Blair Hanley Frank | Feb. 9, 2017
70 days, 5 billion notes, 12 billion files, and a whole lot of engineering work

Evernote couldn’t just migrate all of its user data over and then flip a switch directing traffic from its on-premises servers to Google’s cloud in one fell swoop. Instead, the company had to rearchitect its backend application to handle a staged migration with some data stored in different places.

The good news is that the transition didn’t require changes to the client. Kundu said that was key to the success of Evernote’s migration, because not all of the service’s users upgrade their software in a timely manner.

Evernote’s engagement with Google engineers was a pleasant surprise to McCormack. The team was available 24/7 to handle Evernote’s concerns remotely, and Google also sent a team of its engineers over to Evernote’s facilities to help with the migration.

Those Google employees were around to help troubleshoot any technical challenges Evernote was having with the move. That sort of engineer-to-engineer engagement is something Google says is a big part of its approach to service.

For one particularly important part of the migration, Google’s engineers came on a Sunday, bearing doughnuts for all in attendance. More than that, however, McCormack said that he was impressed with the engineers’ collaborative spirit.

“We had times when…we had written code to interface with Google Cloud Storage, we had [Google] engineers who were peer-reviewing that code, giving feedback and it genuinely felt like a partnership, which you very rarely see,” McCormack said. “Google wanted to see us be successful, and were willing to help across the boundaries to help us get there.”

In the end, it took roughly 70 days for the whole migration to take place from the signing of the contract to its final completion. The main part of the migration took place over a course of roughly 10 days in December, according to McCormack.

Lessons learned

If there was one thing Kundu and McCormack were crystal clear about, it’s that even the best-laid plans require a team that’s willing to adapt on the fly to a new environment. Evernote’s migration was a process of taking certain steps, evaluating what happened, and modifying the company’s approach in response to the situation they were presented with, even after doing extensive testing and simulation.

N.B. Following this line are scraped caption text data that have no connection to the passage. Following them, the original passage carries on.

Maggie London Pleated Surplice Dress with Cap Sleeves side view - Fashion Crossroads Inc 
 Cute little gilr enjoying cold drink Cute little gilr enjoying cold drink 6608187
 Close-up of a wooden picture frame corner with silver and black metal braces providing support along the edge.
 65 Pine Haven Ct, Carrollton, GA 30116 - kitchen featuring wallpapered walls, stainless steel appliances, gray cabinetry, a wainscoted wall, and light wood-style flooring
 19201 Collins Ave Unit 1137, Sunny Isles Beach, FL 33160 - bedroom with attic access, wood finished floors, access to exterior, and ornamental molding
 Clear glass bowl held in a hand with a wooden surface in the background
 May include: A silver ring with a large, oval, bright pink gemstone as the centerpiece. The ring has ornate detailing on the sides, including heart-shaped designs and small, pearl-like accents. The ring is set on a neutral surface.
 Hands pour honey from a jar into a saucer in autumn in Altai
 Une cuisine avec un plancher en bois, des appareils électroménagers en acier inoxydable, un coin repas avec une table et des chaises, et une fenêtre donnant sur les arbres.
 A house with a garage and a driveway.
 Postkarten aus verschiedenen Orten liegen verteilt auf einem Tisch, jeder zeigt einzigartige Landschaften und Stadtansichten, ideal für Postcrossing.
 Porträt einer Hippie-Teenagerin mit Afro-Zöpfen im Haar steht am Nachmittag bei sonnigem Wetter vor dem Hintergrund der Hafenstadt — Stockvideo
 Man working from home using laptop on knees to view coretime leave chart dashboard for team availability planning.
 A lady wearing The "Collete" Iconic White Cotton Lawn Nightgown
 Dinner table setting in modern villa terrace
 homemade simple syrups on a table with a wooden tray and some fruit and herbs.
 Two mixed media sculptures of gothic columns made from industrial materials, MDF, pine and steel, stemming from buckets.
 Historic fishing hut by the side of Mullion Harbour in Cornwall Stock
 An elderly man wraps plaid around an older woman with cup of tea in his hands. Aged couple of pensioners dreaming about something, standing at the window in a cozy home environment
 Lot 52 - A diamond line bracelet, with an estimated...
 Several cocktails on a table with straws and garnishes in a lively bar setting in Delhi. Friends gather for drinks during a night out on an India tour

Furthermore, they also pointed out that work on a migration doesn’t stop once all the bytes are loaded into the cloud. Even with extensive testing, the Evernote team encountered new constraints working in Google’s environment once it was being used in production and bombarded with activity from live Evernote users.

For example, Google uses live migration techniques to move virtual machines from one host to another in order to apply patches and work around hardware issues. While that happens incredibly quickly, the Evernote service under full load had some problem with it, which required (and still requires) optimization.